A dismissed employee at Zambia Sugar company in Mazabuka has dragged his former employees to court on allegation his dismissal from employment was wrongfully and unfair.
Felix Mubita a resident of Mazabuka’s West Villa area and former liaison officer contends in his affidavit filed in Lusaka’s industrial courts that his dismissal from employment at Zambia Sugar limited was wrongfully and unfair as it was not done in accordance with the disciplinary procedure code.
Mubita who was dismissed on the 21st of November 2014 after he was charged with the offense of gross misconduct among others is claiming for damages for wrongful and unfair dismissal.
Mubita who is being represented by Mweemba and company is further claiming for costs and any other relief which the court may grant in its discretion.
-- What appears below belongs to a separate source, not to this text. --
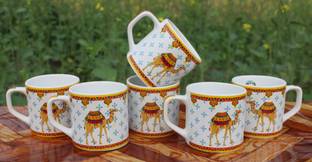 laghima jadon Pack of 6 Ceramic Cup Tea/Coffee Beautiful Desert Camil Round Shape Crafting Latest Design 200ML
It is further alleged that prior to his summary dismissal, Zambia Sugar limited on the 124th day of May 2014, Mubita was charged with the offence of intention dishonest behaviour and that he appeared before the disciplinary hearing in respect of the same charge which was later upheld.
According to his submission, Mubita argues that he appealed against the summary dismissal for gross misconduct which was successful and the charge was dropped to a lesser offence of misconduct and a final warning written to him to him.
Mubita stated that after his acquittal of gross misconduct, he was ordered by the commercial manager Lee Elkington to report for work by Monday August 11, 2014.
He added that when he reported for work, he was denied entry into the office and was served with a letter of suspension at the main entrance without stating the particulars or reasons why he had been suspended from duty but that the letter only indicated that he had used abusive language towards a workmate on 19thJune 2014.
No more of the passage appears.